Well I have told this story elsewhere but I never got to the full issue (I think) anyways this has to do with myself, and an event that took place while in church alongside my dad.
Anyways it was the typical Saturday night sermon, in which at this time I was under the impression that religion was a bunch of crock and along with it crazy and muddled up, my church convinced myself that everyone there had either been high on something, or they were just plain crazy.
I remember having my dad insist on having the guest minister who had been originally from Nigeria and was well known in his country, the name was Joseph Thompson, had written some various books and came together with some considerably miracolous events in his time, so my dad had him come and pray over me for some strange and odd reason, forgetting to what relevance it had at that time I was quite embarrassed and nearly humilated, but then, he had turned to me and said the most random, completely out of there statement I could have ever heard of in my life, all by saying "you know, someday I believe you will be a great preacher."
On the ride home I only thought of the church as more crazy and irrational to tell someone like myself at that time that I was going to be a great preacher, I would have regretting becoming a supposed leader among a bunch of what I considered as hysterical, however, the few months following that night did I know I was run over by a large SUV vehicle, it had been going nearly 40 miles per hour, I recall that while I had been flung back into the air and upon viewing the sunlight in my face I saw the light glow into a milky white, and then I saw the concrete once more, before blacking out of course.
As far as injuries there where hardily any, I only had a severe blow to the head which a thick secreation of blood surrounding the area of my skull, it had been a terrifying experience after waking up, however, when you feel death is rapidly approaching, you can only be a pestimystic, and think of the negative yet to come.
Although it may be all behind me this current stage in time, I was more than afraid to pass to the afterlife, my condition was so immediate that despite the lack of injuries I could have been just as open to death as if I had multiple injuries, I asked God deep within my heart "please don't let me die, please don't let me die, please don't let me die".
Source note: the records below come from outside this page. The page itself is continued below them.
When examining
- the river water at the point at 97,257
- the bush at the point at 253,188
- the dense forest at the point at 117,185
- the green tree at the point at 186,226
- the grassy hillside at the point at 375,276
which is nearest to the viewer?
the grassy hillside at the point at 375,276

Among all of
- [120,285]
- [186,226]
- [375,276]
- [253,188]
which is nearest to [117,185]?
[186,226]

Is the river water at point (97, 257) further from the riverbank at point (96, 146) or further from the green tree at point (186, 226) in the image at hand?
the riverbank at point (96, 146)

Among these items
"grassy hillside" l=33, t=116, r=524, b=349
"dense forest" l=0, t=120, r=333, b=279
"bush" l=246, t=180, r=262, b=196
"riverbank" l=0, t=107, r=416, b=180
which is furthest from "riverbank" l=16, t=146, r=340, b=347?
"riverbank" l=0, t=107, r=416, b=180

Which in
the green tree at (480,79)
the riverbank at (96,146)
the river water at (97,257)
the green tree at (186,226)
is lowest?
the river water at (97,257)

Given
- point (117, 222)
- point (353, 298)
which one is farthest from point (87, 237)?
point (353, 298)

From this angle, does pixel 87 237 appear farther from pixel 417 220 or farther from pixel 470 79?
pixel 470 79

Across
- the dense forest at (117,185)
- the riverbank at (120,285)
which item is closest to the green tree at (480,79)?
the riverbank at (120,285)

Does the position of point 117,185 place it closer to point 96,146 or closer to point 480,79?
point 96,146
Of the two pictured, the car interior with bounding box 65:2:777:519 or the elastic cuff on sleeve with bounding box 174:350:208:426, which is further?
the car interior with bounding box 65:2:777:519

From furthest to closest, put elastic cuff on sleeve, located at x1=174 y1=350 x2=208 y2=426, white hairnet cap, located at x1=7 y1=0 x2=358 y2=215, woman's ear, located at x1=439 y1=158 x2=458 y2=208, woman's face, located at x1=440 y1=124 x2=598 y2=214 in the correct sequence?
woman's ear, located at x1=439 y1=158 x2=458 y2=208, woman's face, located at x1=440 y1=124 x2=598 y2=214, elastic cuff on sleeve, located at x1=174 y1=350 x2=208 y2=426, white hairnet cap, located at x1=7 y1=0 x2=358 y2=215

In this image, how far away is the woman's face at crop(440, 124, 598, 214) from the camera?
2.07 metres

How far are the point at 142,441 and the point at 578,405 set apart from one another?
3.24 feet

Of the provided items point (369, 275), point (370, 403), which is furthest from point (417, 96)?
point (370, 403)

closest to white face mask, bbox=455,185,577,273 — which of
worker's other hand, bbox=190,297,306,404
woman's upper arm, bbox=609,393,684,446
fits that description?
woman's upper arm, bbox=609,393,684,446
Sure enough, flashes of in and out moments occured while at the same time experiencing an awful headache of mine, I remember that shortly after the cat-scan I woke up in a hospital bed, and there had been my father, I had been expecting the doctors to tell me that I didn't have very long to live before I passed away, but to my suprise the doctors had said that I would go back to the way I was 100% healed of any injury I may have, and that they had never seen such a recovery, most of the people brought in from such accidents are found to be permanently injured or end up dead within the next few hours of their arrival, and that they had never seen such results from an accident such as this one.
Turns out that my dad had a dream or supposed revelation that week before, he said that during his dream there had been two Anubis heads standing over me while I was in a feetle position, as he went over to approach them, the Anubis' growled and snarled their teeth, but when he went on in even closer, they ran away, while he had arrived at the hospital, to his suprise he found I was lying in the same position as his dream.
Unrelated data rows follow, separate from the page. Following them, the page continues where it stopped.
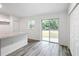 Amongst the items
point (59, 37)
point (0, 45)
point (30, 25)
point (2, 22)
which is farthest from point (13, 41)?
point (30, 25)

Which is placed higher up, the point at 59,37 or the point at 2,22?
the point at 2,22

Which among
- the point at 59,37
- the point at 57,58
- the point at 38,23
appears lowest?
the point at 59,37

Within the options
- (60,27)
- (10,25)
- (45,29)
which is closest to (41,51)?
(60,27)

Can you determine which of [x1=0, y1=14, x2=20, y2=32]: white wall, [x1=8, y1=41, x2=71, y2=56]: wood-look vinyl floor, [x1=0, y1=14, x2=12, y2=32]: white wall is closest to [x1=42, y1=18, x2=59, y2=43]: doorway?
[x1=8, y1=41, x2=71, y2=56]: wood-look vinyl floor

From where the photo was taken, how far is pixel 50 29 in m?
6.71

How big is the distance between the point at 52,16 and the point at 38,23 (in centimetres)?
128

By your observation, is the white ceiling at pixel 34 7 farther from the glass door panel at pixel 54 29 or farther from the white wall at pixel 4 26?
the glass door panel at pixel 54 29

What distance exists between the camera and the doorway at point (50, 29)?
6.52m

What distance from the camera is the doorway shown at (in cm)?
652

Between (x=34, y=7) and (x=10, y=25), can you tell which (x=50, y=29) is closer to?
(x=34, y=7)

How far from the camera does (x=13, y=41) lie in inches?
170

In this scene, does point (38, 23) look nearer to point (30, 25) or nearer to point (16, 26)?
point (30, 25)

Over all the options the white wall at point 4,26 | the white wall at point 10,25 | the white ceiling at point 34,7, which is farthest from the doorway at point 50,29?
the white wall at point 4,26

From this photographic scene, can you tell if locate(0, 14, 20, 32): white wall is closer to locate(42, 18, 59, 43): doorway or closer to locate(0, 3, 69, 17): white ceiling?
locate(0, 3, 69, 17): white ceiling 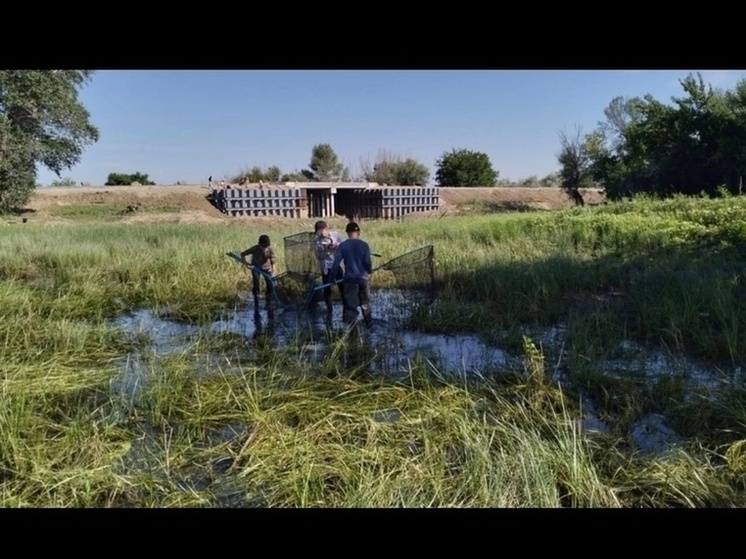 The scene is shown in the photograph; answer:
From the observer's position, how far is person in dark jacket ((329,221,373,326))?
573cm

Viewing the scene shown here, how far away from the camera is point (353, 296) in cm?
587

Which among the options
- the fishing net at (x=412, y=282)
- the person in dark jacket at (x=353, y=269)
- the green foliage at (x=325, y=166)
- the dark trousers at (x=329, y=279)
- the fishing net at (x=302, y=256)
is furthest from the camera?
the green foliage at (x=325, y=166)

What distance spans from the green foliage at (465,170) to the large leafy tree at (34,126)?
26227 millimetres

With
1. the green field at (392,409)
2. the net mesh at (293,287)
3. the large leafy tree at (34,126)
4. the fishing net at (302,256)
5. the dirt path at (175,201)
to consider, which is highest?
the large leafy tree at (34,126)

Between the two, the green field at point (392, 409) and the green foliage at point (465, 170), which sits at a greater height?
A: the green foliage at point (465, 170)

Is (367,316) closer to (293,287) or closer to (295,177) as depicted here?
(293,287)

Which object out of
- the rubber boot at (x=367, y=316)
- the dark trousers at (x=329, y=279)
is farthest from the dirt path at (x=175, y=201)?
the rubber boot at (x=367, y=316)

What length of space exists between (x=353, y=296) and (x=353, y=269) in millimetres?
354

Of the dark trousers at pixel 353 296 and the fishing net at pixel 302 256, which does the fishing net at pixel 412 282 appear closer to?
the dark trousers at pixel 353 296

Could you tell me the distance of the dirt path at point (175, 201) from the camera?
24.2 m

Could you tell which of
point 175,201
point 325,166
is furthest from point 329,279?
point 325,166

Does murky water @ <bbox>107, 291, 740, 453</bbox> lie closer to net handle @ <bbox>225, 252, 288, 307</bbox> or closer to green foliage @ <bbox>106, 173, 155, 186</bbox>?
net handle @ <bbox>225, 252, 288, 307</bbox> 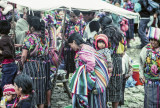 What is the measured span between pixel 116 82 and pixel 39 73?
173cm

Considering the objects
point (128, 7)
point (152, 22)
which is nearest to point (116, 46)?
point (152, 22)

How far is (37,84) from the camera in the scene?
4.88 meters

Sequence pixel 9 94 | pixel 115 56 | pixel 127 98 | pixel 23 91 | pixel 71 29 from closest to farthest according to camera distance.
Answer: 1. pixel 23 91
2. pixel 9 94
3. pixel 115 56
4. pixel 127 98
5. pixel 71 29

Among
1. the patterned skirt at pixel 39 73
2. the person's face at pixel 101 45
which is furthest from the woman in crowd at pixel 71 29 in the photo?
the person's face at pixel 101 45

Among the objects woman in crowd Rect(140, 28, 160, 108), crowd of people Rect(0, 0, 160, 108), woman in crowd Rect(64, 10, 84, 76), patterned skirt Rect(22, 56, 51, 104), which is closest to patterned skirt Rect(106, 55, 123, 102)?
crowd of people Rect(0, 0, 160, 108)

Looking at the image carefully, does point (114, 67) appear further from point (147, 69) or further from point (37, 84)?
point (37, 84)

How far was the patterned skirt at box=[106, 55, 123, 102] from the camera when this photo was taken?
5164 millimetres

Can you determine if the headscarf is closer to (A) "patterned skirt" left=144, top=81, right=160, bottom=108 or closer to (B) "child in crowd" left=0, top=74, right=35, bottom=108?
(A) "patterned skirt" left=144, top=81, right=160, bottom=108

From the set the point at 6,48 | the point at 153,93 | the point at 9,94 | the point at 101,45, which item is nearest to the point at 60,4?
the point at 101,45

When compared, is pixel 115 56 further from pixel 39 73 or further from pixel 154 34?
pixel 39 73

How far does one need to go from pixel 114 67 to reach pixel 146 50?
103cm

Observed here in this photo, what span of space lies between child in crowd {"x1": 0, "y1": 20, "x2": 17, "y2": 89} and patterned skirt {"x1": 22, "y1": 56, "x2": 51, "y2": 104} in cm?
27

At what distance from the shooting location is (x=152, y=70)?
13.9 ft

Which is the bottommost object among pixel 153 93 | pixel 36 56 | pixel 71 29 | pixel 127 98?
pixel 127 98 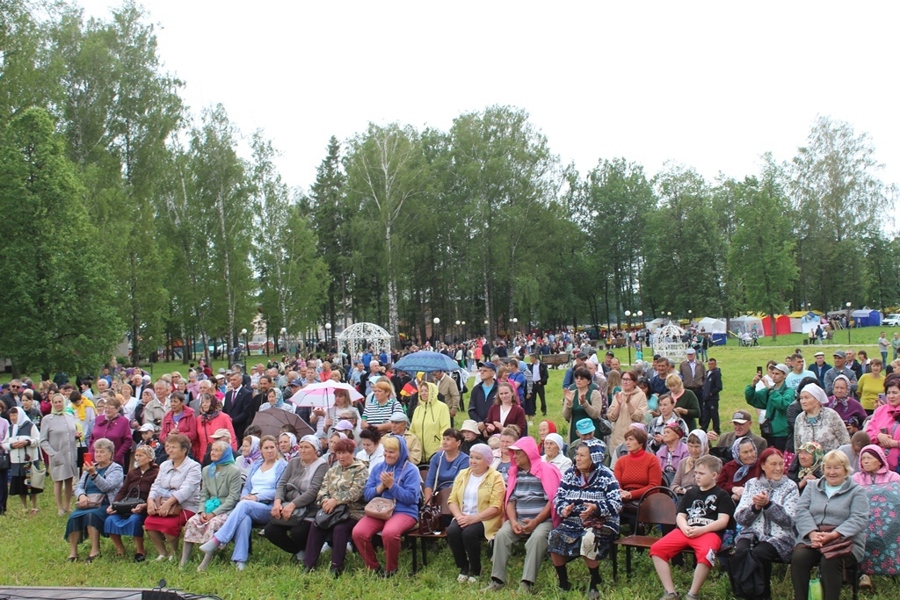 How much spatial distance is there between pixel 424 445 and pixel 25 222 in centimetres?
1875

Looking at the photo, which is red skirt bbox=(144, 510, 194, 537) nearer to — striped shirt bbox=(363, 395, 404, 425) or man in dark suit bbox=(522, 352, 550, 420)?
striped shirt bbox=(363, 395, 404, 425)

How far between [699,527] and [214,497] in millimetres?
4404

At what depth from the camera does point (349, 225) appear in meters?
46.6

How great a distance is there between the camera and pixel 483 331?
53.4 meters

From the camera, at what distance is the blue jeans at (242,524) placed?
6793 millimetres

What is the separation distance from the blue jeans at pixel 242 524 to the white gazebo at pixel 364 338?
22826 mm

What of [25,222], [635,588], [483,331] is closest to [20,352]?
[25,222]

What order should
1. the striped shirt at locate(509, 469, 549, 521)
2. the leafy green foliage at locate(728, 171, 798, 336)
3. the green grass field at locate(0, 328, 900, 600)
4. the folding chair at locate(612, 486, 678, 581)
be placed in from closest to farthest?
the green grass field at locate(0, 328, 900, 600)
the folding chair at locate(612, 486, 678, 581)
the striped shirt at locate(509, 469, 549, 521)
the leafy green foliage at locate(728, 171, 798, 336)

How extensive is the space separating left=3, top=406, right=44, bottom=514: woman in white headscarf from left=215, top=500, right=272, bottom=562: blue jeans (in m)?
3.96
Even more ironic is that Anubis was the Egyptian god of death, if you don't know exactly who this may be it is a god with a dog shaped like head, it is the god of the afterlife bent on reaping souls and taking them to Hades, as I pondered on this, my dad had also went on talking about his friends that came over and prayed over me while I was unconcious, I remember him telling me once that in the bible it says that when more than one Christian believes and prays for God's help, it shall be done.
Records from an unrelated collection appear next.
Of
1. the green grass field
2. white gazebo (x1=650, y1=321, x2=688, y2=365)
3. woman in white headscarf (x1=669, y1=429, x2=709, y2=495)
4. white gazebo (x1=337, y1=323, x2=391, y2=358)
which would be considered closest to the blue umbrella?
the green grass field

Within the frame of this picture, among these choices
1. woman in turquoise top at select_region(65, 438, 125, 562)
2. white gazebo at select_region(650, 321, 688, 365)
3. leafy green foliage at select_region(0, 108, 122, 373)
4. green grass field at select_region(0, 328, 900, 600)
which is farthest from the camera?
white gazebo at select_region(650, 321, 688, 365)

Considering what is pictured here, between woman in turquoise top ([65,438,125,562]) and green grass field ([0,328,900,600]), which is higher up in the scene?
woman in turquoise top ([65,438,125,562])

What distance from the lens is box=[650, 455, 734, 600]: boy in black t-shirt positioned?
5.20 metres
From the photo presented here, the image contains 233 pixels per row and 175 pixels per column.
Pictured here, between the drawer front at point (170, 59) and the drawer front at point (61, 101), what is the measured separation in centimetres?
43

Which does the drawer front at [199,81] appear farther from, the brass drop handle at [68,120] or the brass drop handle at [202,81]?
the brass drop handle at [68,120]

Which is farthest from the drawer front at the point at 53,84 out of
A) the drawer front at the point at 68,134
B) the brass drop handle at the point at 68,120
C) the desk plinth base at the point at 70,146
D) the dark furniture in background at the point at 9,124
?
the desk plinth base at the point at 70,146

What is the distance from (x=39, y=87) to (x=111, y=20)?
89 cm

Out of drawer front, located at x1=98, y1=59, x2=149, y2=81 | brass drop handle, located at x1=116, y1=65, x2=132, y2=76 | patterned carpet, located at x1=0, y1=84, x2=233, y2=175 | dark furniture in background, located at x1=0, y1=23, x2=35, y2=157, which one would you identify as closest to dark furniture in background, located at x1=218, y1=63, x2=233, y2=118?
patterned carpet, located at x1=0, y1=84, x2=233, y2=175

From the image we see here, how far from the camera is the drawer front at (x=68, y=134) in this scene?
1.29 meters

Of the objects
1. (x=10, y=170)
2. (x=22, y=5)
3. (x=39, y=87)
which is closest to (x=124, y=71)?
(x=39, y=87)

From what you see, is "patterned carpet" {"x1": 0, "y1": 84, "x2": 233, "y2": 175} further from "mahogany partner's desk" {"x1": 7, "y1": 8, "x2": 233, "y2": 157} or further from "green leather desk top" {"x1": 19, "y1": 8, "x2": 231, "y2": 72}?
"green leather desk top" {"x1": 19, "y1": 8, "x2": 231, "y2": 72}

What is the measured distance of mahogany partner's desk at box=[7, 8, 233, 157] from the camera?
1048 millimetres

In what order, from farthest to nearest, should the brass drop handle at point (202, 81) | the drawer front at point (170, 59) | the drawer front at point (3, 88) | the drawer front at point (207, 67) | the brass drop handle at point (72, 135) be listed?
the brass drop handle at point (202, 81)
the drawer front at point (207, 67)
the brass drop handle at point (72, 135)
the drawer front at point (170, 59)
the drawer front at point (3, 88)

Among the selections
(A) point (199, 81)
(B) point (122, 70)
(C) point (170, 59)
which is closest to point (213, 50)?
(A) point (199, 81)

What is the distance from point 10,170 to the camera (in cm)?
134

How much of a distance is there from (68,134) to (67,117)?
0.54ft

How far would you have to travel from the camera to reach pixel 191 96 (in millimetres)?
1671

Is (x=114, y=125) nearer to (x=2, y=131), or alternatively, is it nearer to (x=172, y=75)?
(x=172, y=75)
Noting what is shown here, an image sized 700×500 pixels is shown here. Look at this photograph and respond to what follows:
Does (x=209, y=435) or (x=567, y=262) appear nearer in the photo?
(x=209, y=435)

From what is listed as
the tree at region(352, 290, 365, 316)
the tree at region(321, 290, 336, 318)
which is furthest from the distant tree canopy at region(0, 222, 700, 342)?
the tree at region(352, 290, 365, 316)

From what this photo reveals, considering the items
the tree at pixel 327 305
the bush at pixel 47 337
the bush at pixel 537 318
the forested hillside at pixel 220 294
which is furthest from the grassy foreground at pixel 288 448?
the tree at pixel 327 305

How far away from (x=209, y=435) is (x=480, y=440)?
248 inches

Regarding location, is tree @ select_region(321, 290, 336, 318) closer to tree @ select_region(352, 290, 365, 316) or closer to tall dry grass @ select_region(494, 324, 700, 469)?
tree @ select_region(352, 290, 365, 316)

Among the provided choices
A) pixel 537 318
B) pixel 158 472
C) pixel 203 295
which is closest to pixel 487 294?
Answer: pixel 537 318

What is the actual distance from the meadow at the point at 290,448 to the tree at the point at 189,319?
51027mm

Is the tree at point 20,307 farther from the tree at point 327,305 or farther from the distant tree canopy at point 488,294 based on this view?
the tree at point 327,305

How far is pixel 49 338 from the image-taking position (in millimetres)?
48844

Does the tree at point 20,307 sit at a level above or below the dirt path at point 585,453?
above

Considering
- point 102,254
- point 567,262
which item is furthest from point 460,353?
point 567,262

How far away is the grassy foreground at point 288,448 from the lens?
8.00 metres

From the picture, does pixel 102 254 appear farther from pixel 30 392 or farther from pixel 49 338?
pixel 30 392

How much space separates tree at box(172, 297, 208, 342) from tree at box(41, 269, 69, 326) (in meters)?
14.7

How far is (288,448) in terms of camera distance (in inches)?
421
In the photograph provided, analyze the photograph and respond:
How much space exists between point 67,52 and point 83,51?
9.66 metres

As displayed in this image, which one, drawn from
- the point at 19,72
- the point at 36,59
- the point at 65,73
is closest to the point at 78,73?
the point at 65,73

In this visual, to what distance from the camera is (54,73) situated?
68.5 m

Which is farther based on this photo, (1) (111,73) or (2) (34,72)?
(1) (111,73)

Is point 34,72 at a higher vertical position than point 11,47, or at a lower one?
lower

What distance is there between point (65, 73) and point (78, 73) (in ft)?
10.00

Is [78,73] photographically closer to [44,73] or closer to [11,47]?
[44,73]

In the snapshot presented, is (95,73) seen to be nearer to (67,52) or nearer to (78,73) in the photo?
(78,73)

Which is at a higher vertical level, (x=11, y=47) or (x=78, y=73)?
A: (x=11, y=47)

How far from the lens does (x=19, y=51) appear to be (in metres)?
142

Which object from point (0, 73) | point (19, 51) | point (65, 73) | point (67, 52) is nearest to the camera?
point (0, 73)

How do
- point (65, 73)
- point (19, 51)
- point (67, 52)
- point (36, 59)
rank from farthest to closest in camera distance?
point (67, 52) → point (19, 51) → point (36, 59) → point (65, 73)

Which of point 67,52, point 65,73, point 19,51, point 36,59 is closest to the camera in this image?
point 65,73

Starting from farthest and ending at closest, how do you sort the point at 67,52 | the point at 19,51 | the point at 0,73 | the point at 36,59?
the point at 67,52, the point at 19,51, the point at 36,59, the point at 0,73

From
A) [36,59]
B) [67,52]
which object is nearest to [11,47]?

I healed within less than two weeks after the accident and am now in perfectly healthy condition and am 100% functional as I was before, since the last year or so, I have found a profound interest in religion and you will find me from time to time studying the bible, as I think back to this, I remember all the times I doubted those words, today I have found an interest in the philosophy of Catholicism, demonology, possession, etc., I continue to further my reading on things I thought I would never be interested in, I have found power in areas never unveiled to me, I now see religion for more than what most people think it is.